In December, the French government formalized a new industrial strategy to help advance the next generation of Airbus aircraft. The announced funding, 300 million euros annually between 2024 and 2027, fortifies the foundation for Europe’s next all-new airplane.

These are the homework years for Airbus and Boeing, as both cultivate the new technologies for all-new aircraft across a variety of domains. Each has dedicated programs for areas of study under additional buckets of funding, including small and full-scale demonstrations, but the 900 million euros ($968 million) in French funding for its ecosystem over three years easily eclipses the $425 million over seven years for the X-66 Sustainable Flight Demonstrator currently being developed by Boeing and NASA in Palmdale, California — an effort the White House sees as the centerpiece of replacing the 737 Max.

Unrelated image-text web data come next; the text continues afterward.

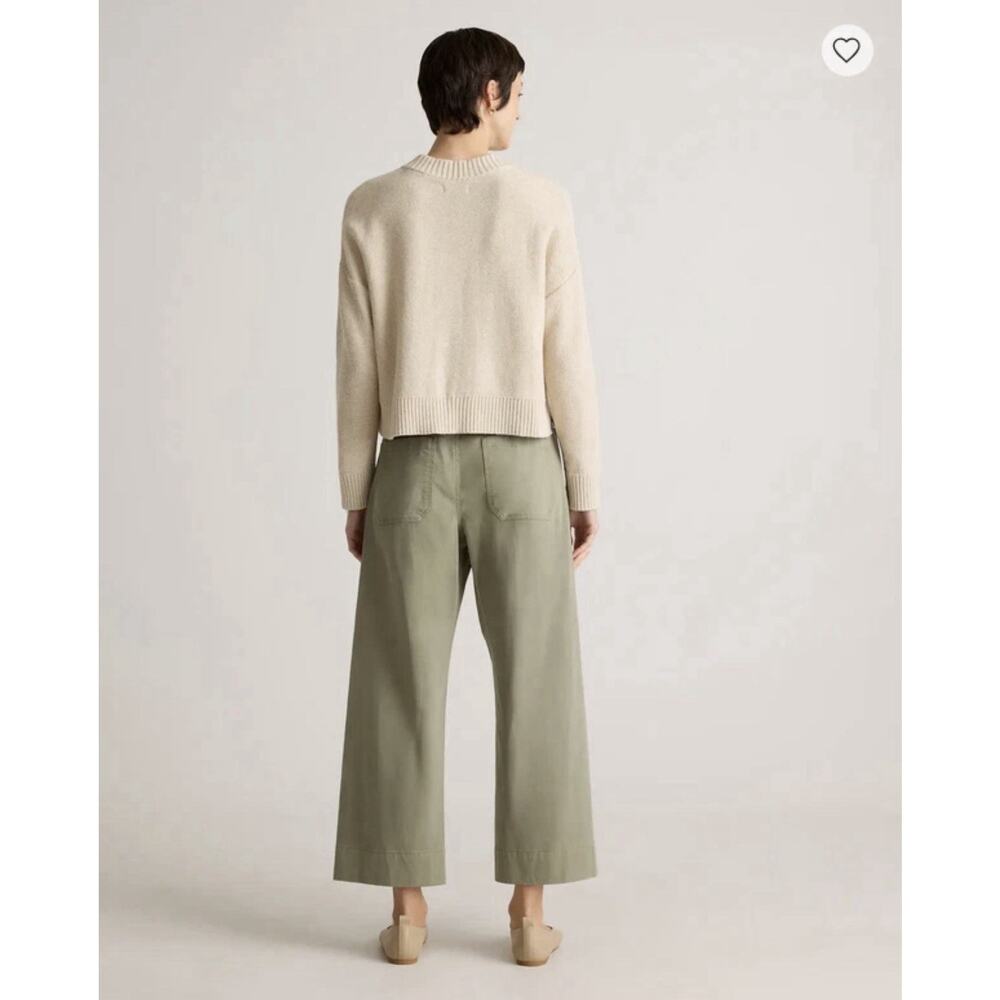 QUINCE Speckled Beige 100% ORGANIC COTTON Cropped CARDIGAN Sz S Minimalist Prepp - Picture 7 of 15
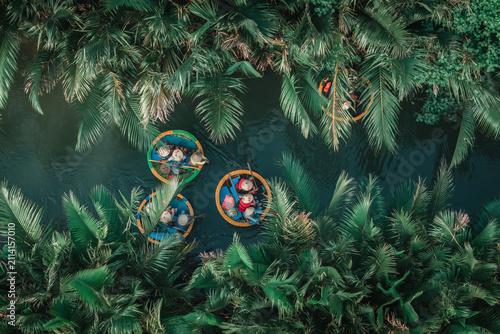 Aerial view of the natural scenery of basket boats on the Thu Bon River in Hoi An Ancient Town, Vietnam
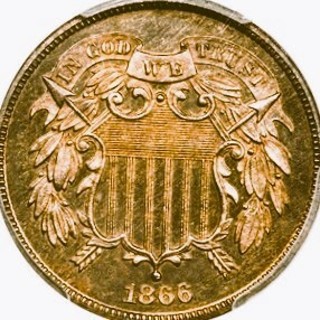 1866  2 cent, Used, Great Date, Refundable, Insured,..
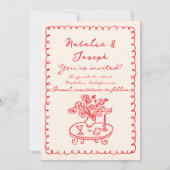 Retro Handgeschreven Tekening Eigenzinnige Bold Sc Save The Date (Achterkant)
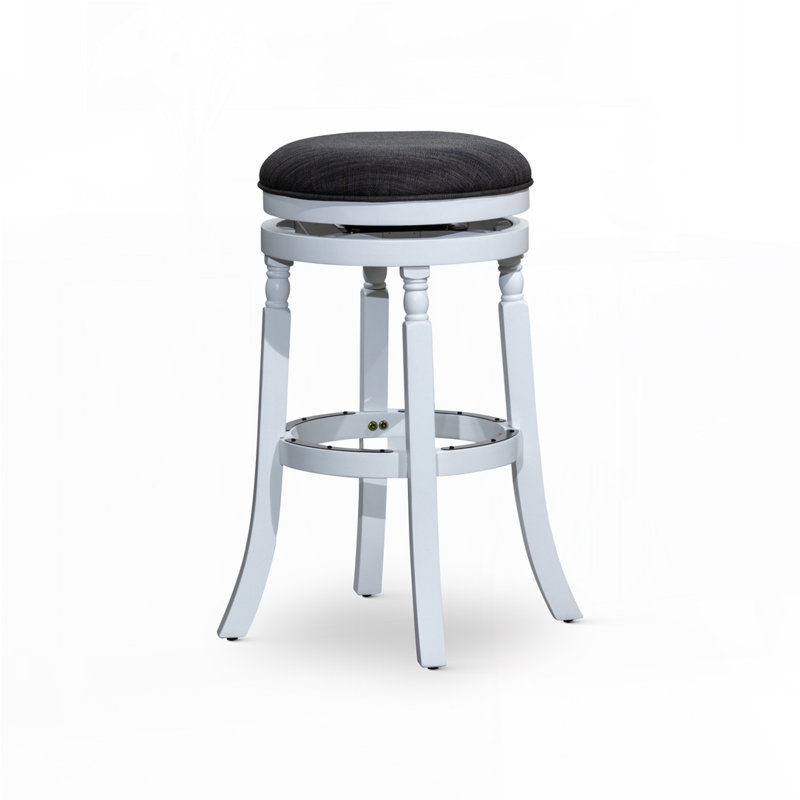 Tabouret Ramona, Blanc, Tabouret de bar (siège d'une hauteur de 30 po), Gris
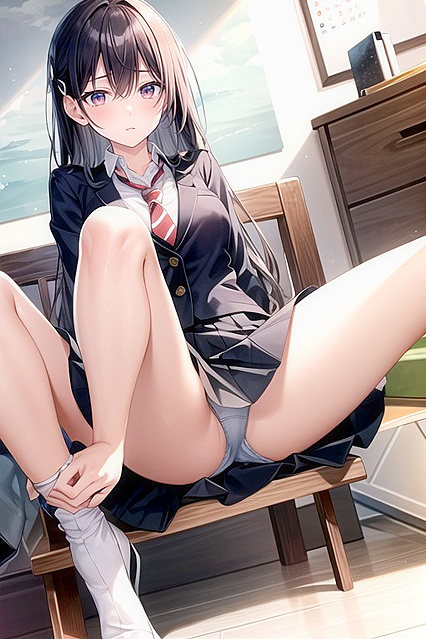 in Uniform Shows Off Her Curves in Front View Hentai Picture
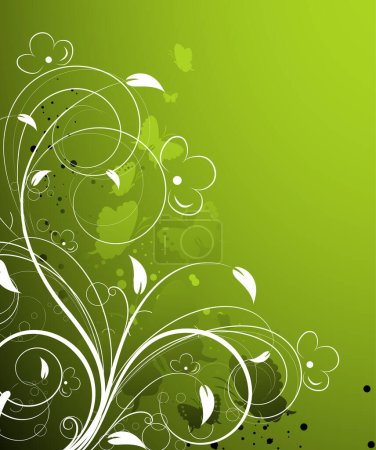 Ilustración de Fondo floral abstracto con hojas verdes y remolinos - Imagen libre de derechos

Boeing today is a company in strategic turmoil, consumed with the nuts and bolts of building the aircraft it has in its factories. The crisis that revealed its instability came on Jan. 5 with Alaska 1282, ensuring that its top leadership is not thinking about an all-new airplane development — despite growing calls for one.

Related: Airbus quietly cultivates ‘building block’ tech for A320 successor

Meanwhile, Airbus is accelerating its own effort, increasingly concerned less with its transatlantic competitor’s long-term product development strategy than with the governmental and societal forces that will shape the policies that act on the European plane maker over the decade to come and beyond. 

What that new airplane may actually look like, and which part of the marketplace it may target, has been a mystery for some time, concealed in the tea leaves of French industrial policy and Airbus’s opaque eAction program, an initiative first revealed by The Air Current in December 2022. However, eAction, an effort to build the technological building blocks for the future, is now aimed at a very specific end goal, the company tells TAC: the Next Generation Single Aisle (NGSA), a name now being formally used by Airbus.